(Captioned web images)
+===+
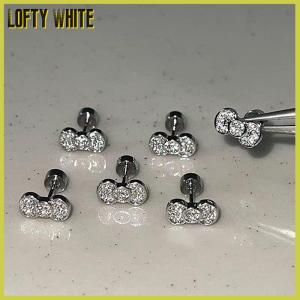 Lofty White ต่างหูสกรูรูปโบว์เพชรเงางามน่ารักสวยงามสำหรับผู้หญิงต่างหูเม็ดเล็กสีเงินหวานสำหรับผู้หญิงเครื่องประดับสำหรับงานปาร์ตี้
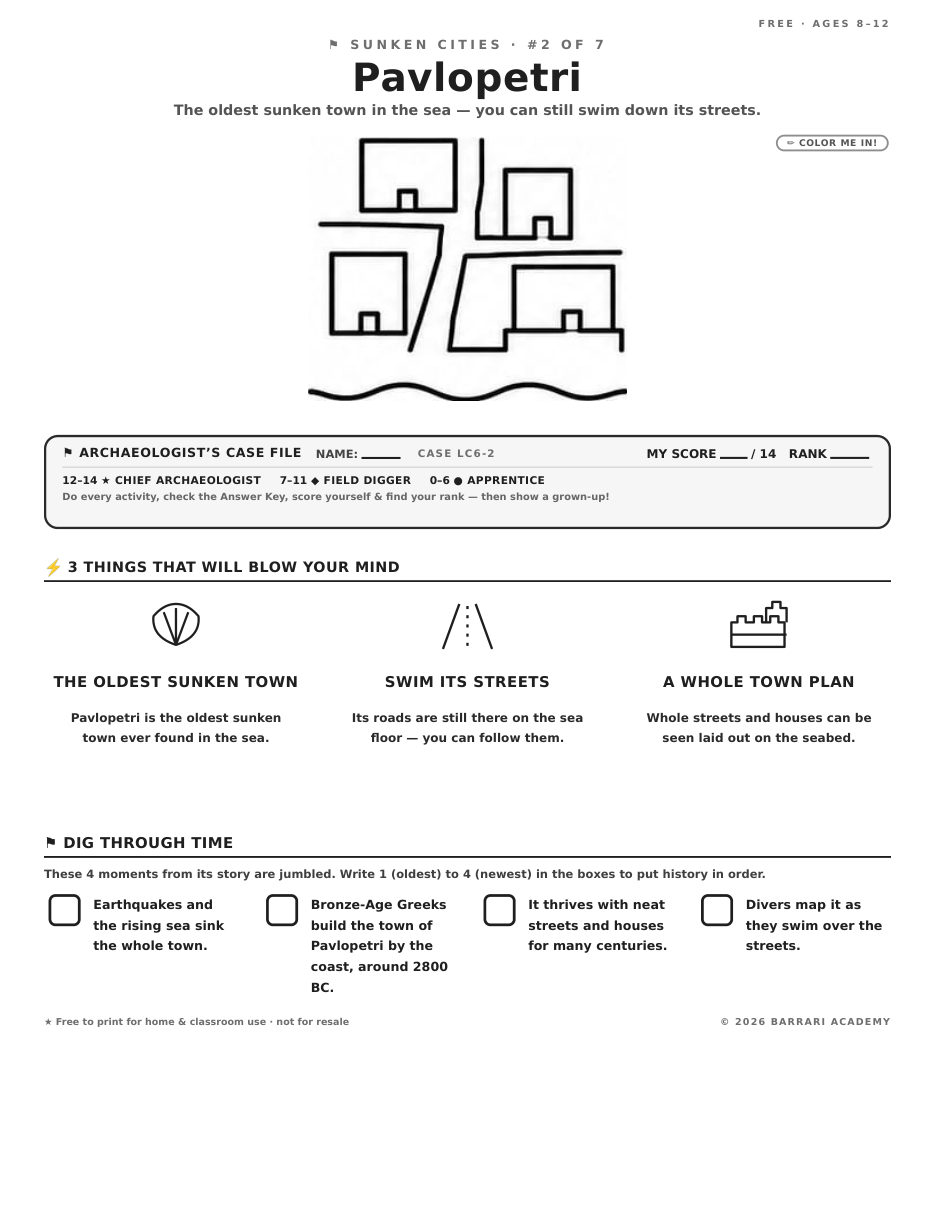 The free Pavlopetri worksheet — fun facts and activities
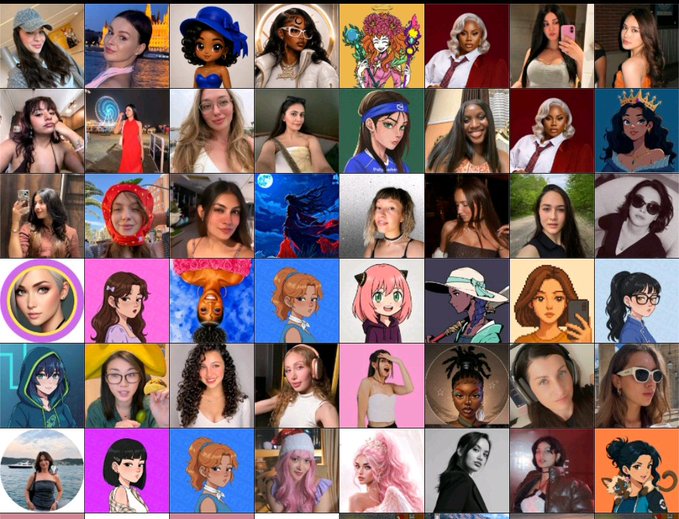 A collage grid of 48 square images features a mix of real women in portraits and animated cartoon characters in various colorful outfits and styles.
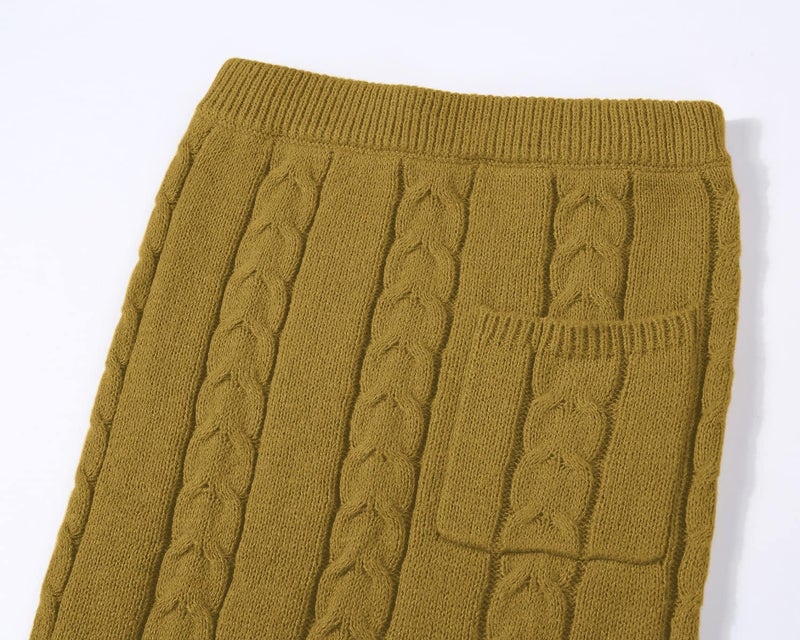 CHARTOU Women's Winter Chunky Cable Knit Long Skirt 2 Piece Outfit Sweater Sets (X-Large, Mustard) - Image 5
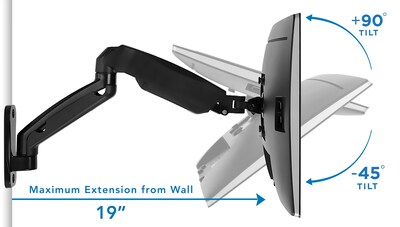 Mount-It! Height Adjustable Monitor Wall Mount Arm for 13" to 32" Monitors, Black (MI-765)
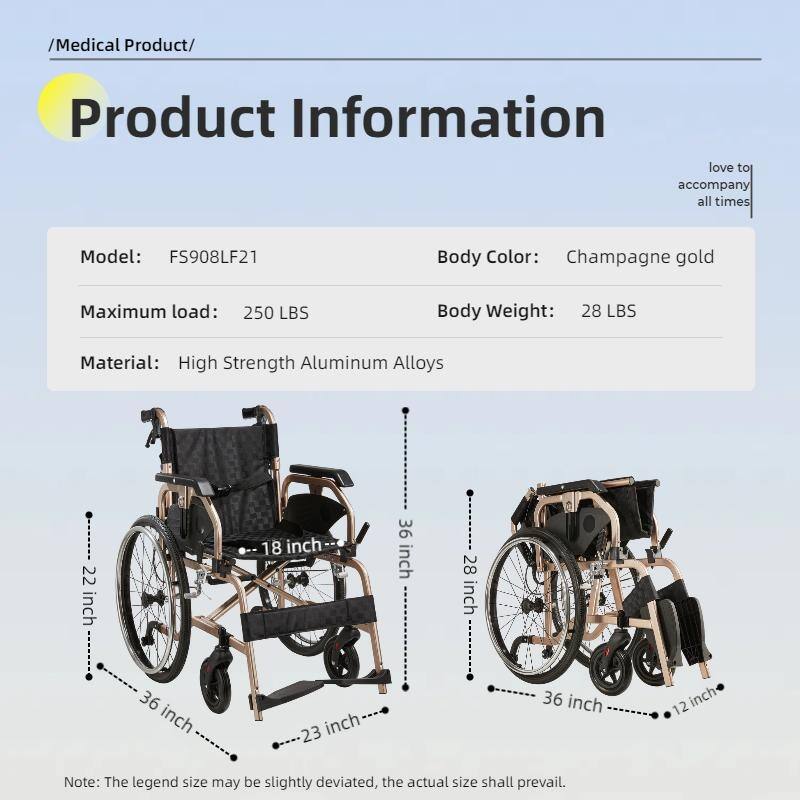 Aluminum Foldable Lightweight Adult Wheelchair, 18" Seat with Front and Rear Locking Hand Brakes, 22" Rear Wheels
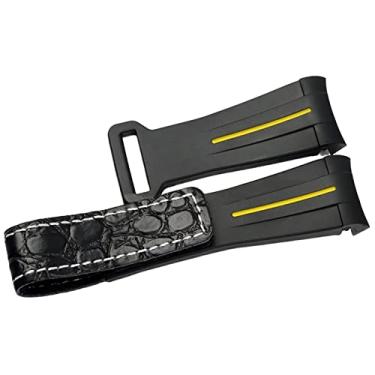 Imagem de GANYUU Pulseira de relógio de 20 mm para Rolex SUB Daytona GMT pulseira de relógio de couro borracha silicone à prova d'água arco boca pulseira (cor: linha amarela, tamanho: 20 mm)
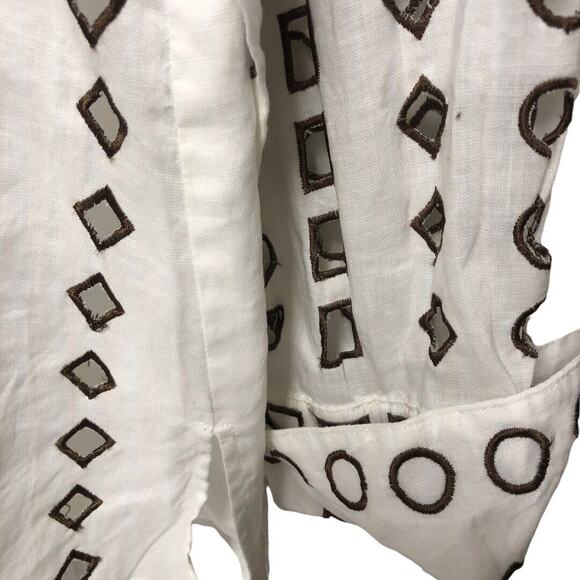 La Rea Collection White Brown Shoulders Pads Shirt Womens top 100% Linen XLarge - Picture 11 of 12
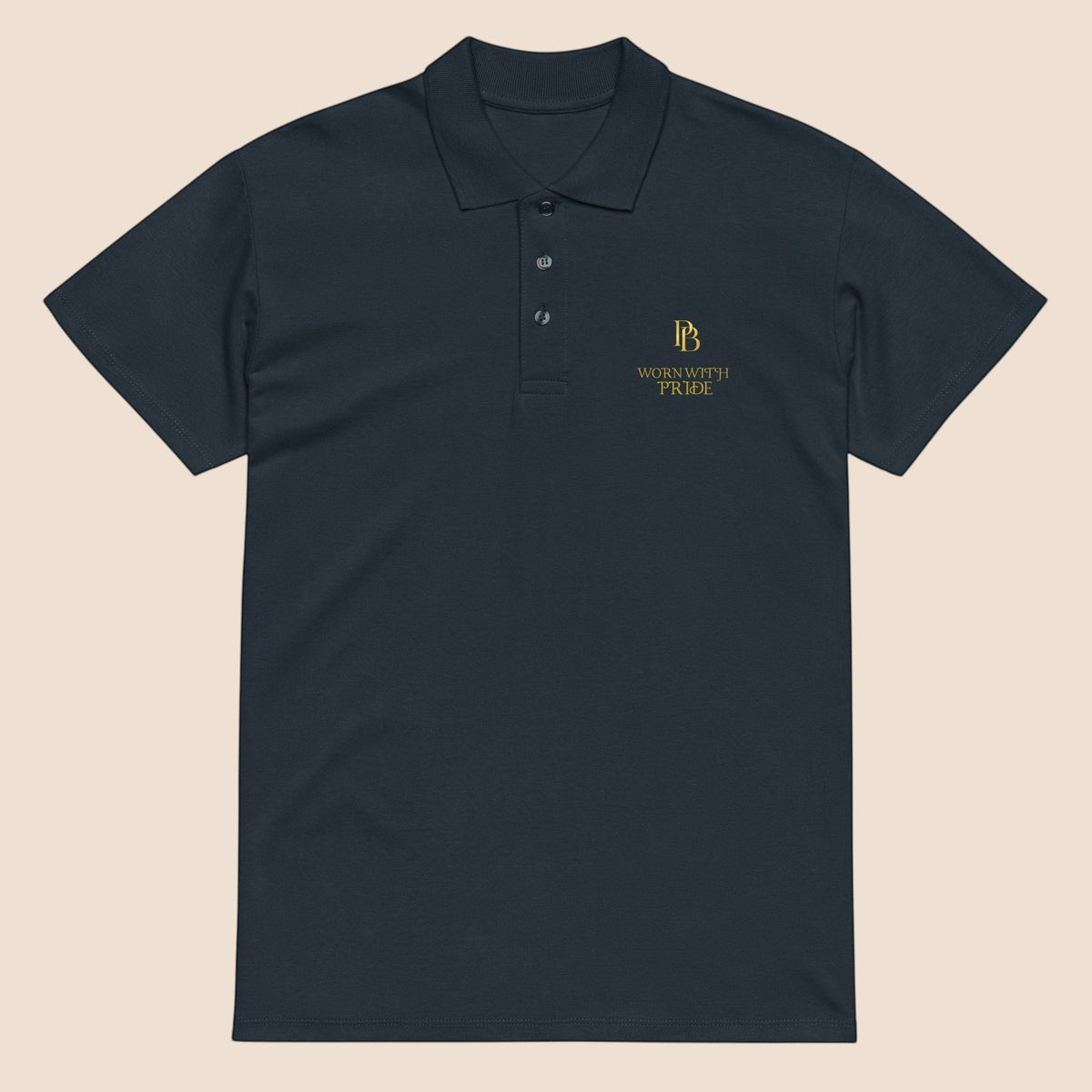PUNJAB BOLDA navy blue cotton polo shirt with WORN WITH PRIDE gold embroidery, ribbed collar, and 3-button placket.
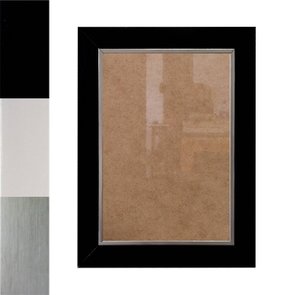 Moldura Laqueada Gesso com Filete Prata para Quadros e Fotos com Fundo MDF e Vidro - 3x1,5 Moldura Laqueada Gesso com Filete Prata para Quadros e Fotos com Fundo MDF e Vidro - 3x1,5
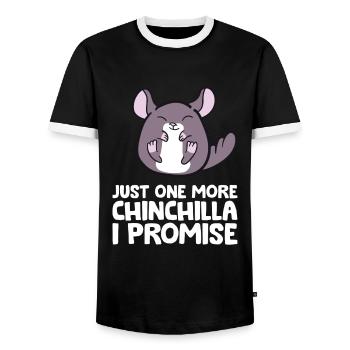 Juste un chinchilla de plus que je promets Pet - T-shirt contrasté Homme - noir/blanc - Devant - AI Model Female 172 light (172cm) & AI Model Male 178 light (178cm)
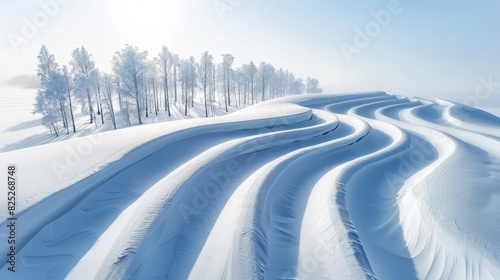 Aerial Perspective of Zigzagging Snow Tracks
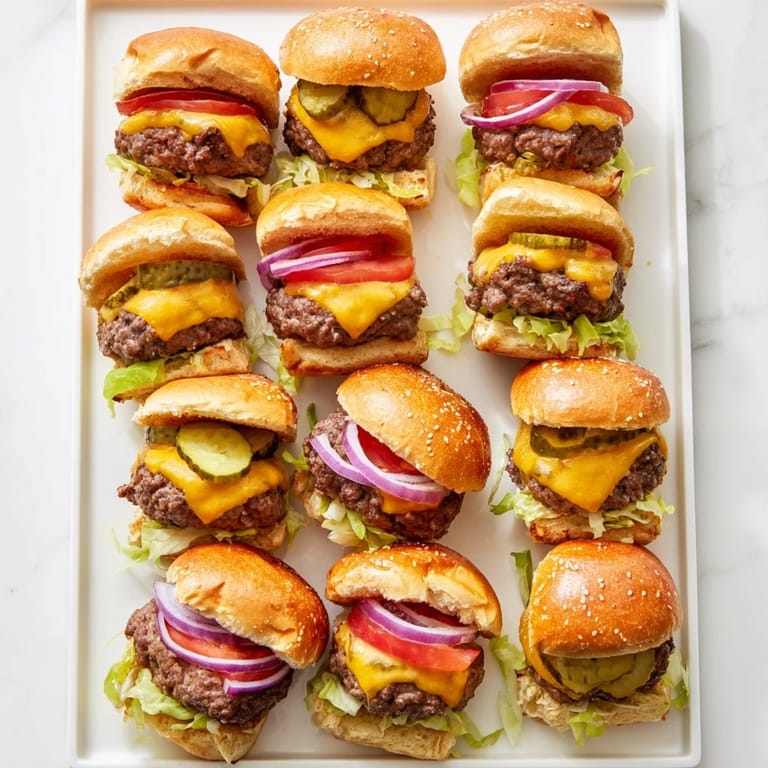 Homemade mini sliders with beef, cheese, pickles, and sauce, ready for a quick family dinner.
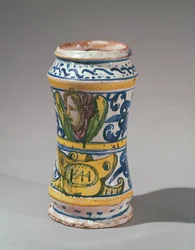 Albarelle, fabricado en Rouen, 1544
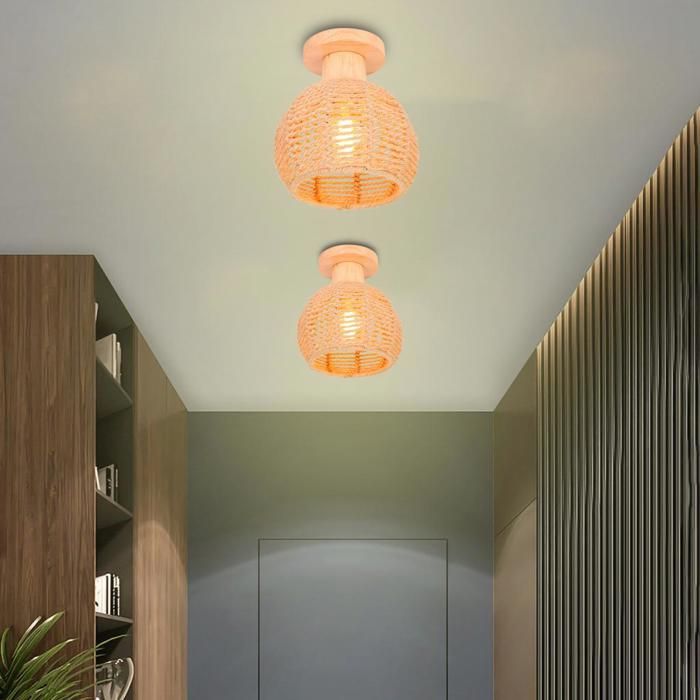 WOTTES Plafonnier Vintage Industrielle E27 Lampe de Plafond Bois Rétro 4PCS Ø20cm Abat-jour Cage en Corde de Chanvre pour Cuisine - Wottes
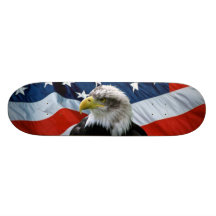 Bald Eagle American Flag Skateboard Deck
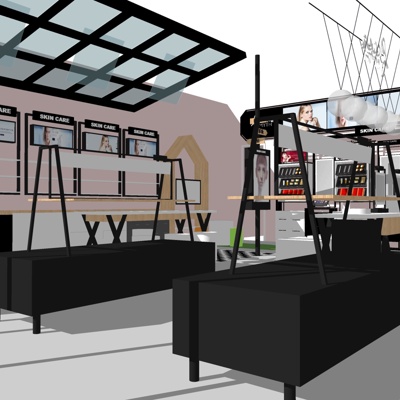  现代化妆品专卖店su模型 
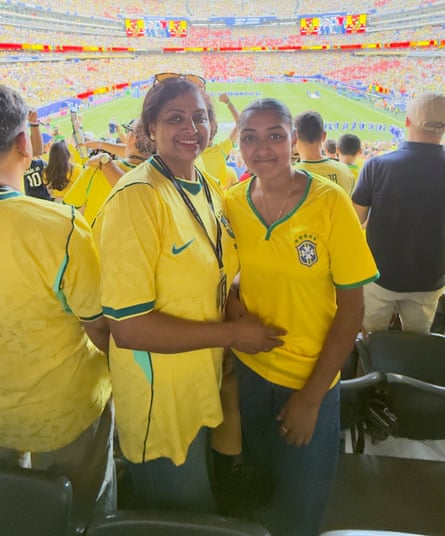 Mehedi Farhana (left) and her daughter, Samiha Alam at the Brazil v Morocco game on 13 June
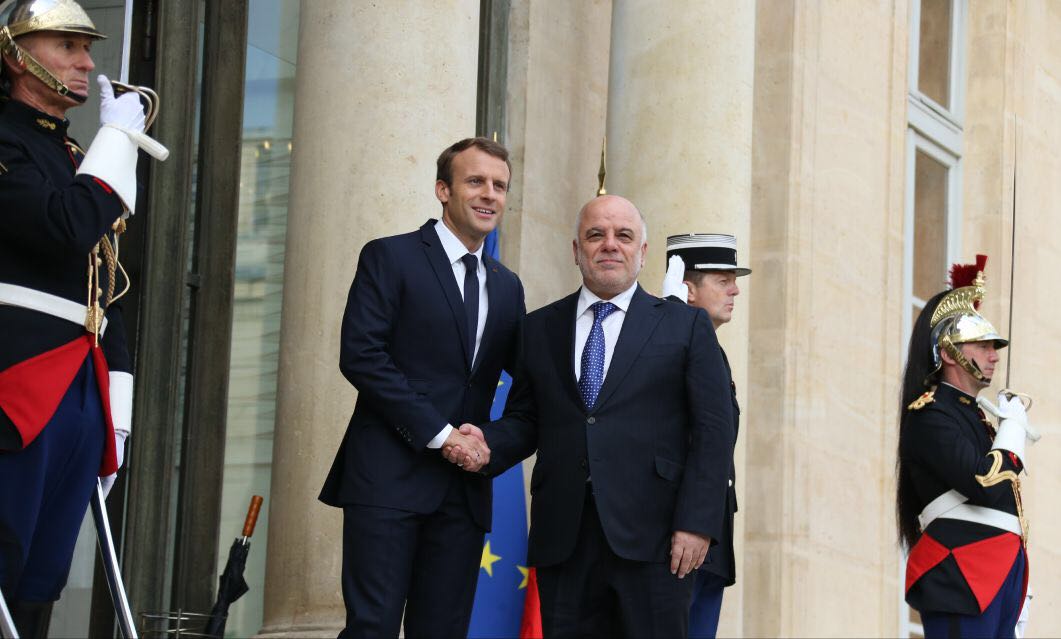 Abadi meets @EmmanuelMacron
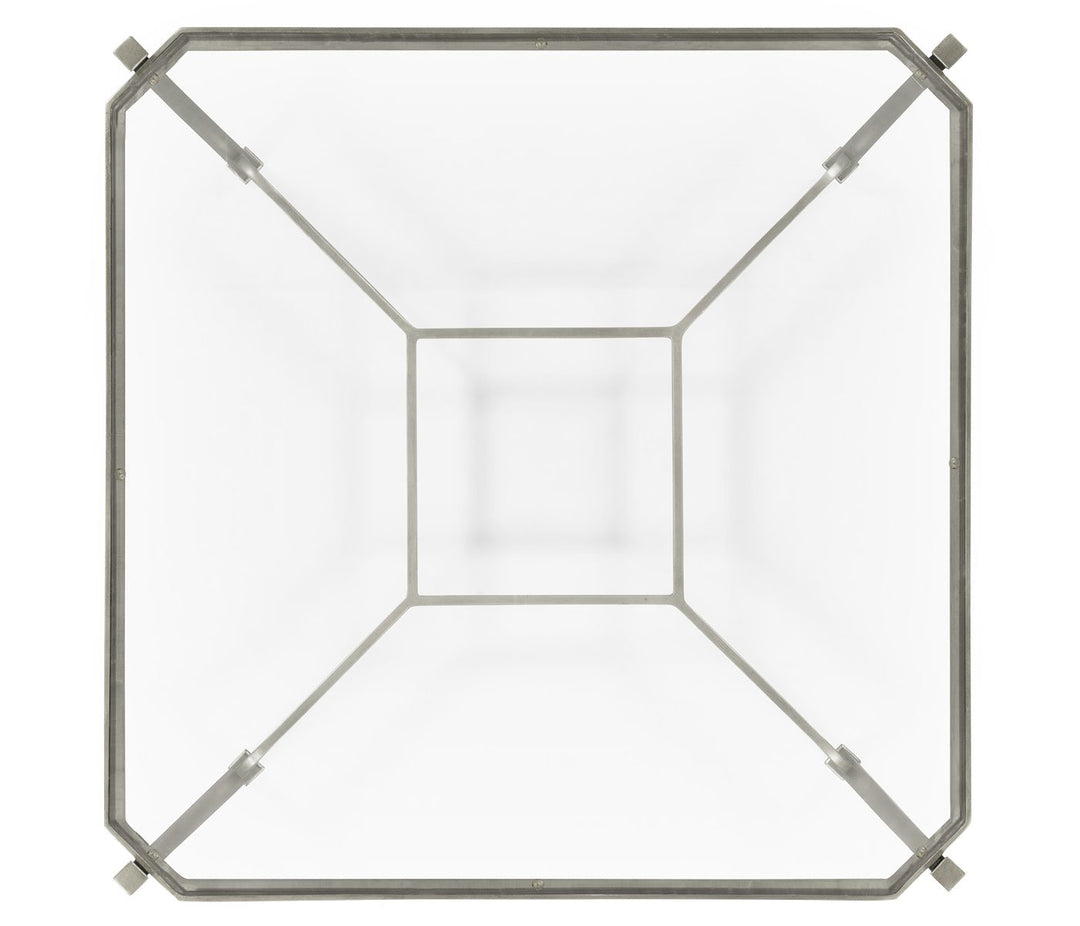 Nykyaikainen neliönmuotoinen sivupöytä lasitasolla - hopea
+===+
### AIM OF THE EXERCISE
Using the data above, retype exactly and only the lines from the one containing "WOTTES Plafonnier Vintage" up to and including the one containing "Abadi meets @EmmanuelMacron", with no pictures carried over.

### ANSWER SECTION
 WOTTES Plafonnier Vintage Industrielle E27 Lampe de Plafond Bois Rétro 4PCS Ø20cm Abat-jour Cage en Corde de Chanvre pour Cuisine - Wottes
 Bald Eagle American Flag Skateboard Deck
  现代化妆品专卖店su模型 
 Mehedi Farhana (left) and her daughter, Samiha Alam at the Brazil v Morocco game on 13 June
 Abadi meets @EmmanuelMacron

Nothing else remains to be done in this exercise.